Introduction to Statistics

  • Summarizing data.
  • Plotting data.
  • Confidence intervals.
  • Statistical tests.

About this Notebook

In this notebook, we download a dataset with data about customers. Then, we calculate statistical measures and plot distributions. Finally, we perform statistical tests.


In [1]:
# Run this cell :)
1+2


Out[1]:
3

Importing Needed packages

Statsmodels is a Python module that allows users to explore data, estimate statistical models, and perform statistical tests.


In [3]:
# Uncomment next command if you need to install a missing module
#!pip install statsmodels
import matplotlib.pyplot as plt
import pandas as pd
try:
    import statsmodels.api as sm
except:
    !pip install statsmodels
import numpy as np
%matplotlib inline


Collecting statsmodels
  Downloading statsmodels-0.6.1.tar.gz (7.0MB)
    100% |████████████████████████████████| 7.0MB 117kB/s 
Requirement already satisfied: pandas in /usr/local/lib/python2.7/dist-packages (from statsmodels)
Collecting patsy (from statsmodels)
  Downloading patsy-0.4.1-py2.py3-none-any.whl (233kB)
    100% |████████████████████████████████| 235kB 3.4MB/s 
Requirement already satisfied: pytz>=2011k in /usr/local/lib/python2.7/dist-packages (from pandas->statsmodels)
Requirement already satisfied: python-dateutil in /usr/local/lib/python2.7/dist-packages (from pandas->statsmodels)
Requirement already satisfied: numpy>=1.7.0 in /usr/local/lib/python2.7/dist-packages (from pandas->statsmodels)
Requirement already satisfied: six in /usr/local/lib/python2.7/dist-packages (from patsy->statsmodels)
Building wheels for collected packages: statsmodels
  Running setup.py bdist_wheel for statsmodels ... - \ | / - \ | / - \ | / - \ done
  Stored in directory: /home/notebook/.cache/pip/wheels/38/d3/1e/94a59b1460b3249b15399e09dae7a3828045bcf830d999b4b1
Successfully built statsmodels
Installing collected packages: patsy, statsmodels
Successfully installed patsy-0.4.1 statsmodels-0.6.1

In [4]:
import sys 
print(sys.version)


2.7.12 (default, Jul 18 2016, 15:02:52) 
[GCC 4.8.4]

Downloading Data

Run system commands using ! (platform dependant)


In [5]:
import sys 
if sys.platform.startswith('linux'):
    !ls
elif sys.platform.startswith('freebsd'):
    !ls
elif sys.platform.startswith('darwin'):
    !ls
elif sys.platform.startswith('win'):
    !dir


Basic_statistics_for_Python_3_6.ipynb  Submit-to-Spark-Cluster.ipynb
Basic_statistics.ipynb		       Tutorial #1 - Get Data.ipynb
common				       Untitled.ipynb
data				       US_Baby_Names-2010.ipynb
Getting_started_with_Pandas.ipynb      yob2010.txt
jupyter

To download the data, we will use !wget (on DataScientistWorkbench)


In [6]:
if sys.platform.startswith('linux'):
    !wget -O /resources/customer_dbase_sel.csv http://analytics.romanko.ca/data/customer_dbase_sel.csv


--2017-01-30 22:00:31--  http://analytics.romanko.ca/data/customer_dbase_sel.csv
Resolving analytics.romanko.ca (analytics.romanko.ca)... 50.116.83.209
Connecting to analytics.romanko.ca (analytics.romanko.ca)|50.116.83.209|:80... connected.
HTTP request sent, awaiting response... 200 OK
Length: 1116177 (1.1M) [text/csv]
Saving to: ‘/resources/customer_dbase_sel.csv’

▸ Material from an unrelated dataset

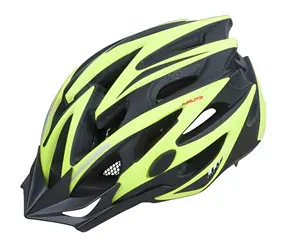 Kask Pro-T PLUS Tarifa czarno-żółty fluo / Kask rowerowy / In-mold / M (55-58 cm)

100%[======================================>] 1,116,177   1.17MB/s   in 0.9s   

2017-01-30 22:00:32 (1.17 MB/s) - ‘/resources/customer_dbase_sel.csv’ saved [1116177/1116177]

Understanding the Data

customer_dbase_sel.csv:

We have downloaded an extract from IBM SPSS sample dataset with customer data, customer_dbase_sel.csv, which contains customer-specific data such as age, income, credit card spendings, commute type and time, etc. Dataset source

  • custid e.g. 0648-AIPJSP-UVM (customer id)
  • gender e.g. Female or Male
  • age e.g. 26
  • debtinc e.g. 11.1 (debt to income ratio in %)
  • card e.g. Visa, Mastercard (type of primary credit card)
  • carditems e.g. 1, 2, 3 ... (# of primary credit card purchases in the last month)
  • cardspent e.g 228.27 (amount in \$ spent on the primary credit card last month)
  • commute e.g. Walk, Car, Bus (commute type)
  • commutetime e.g. 22 (time in minutes to commute to work)
  • income e.g. 16.00 (income in thousands \$ per year)
  • edcat e.g. College degree, Post-undergraduate degree (education level)

Reading the data in


In [7]:
url = "http://analytics.romanko.ca/data/customer_dbase_sel.csv"
df = pd.read_csv(url)

## On DataScientistWorkbench you can read from /resources directory
#df = pd.read_csv("/resources/customer_dbase_sel.csv")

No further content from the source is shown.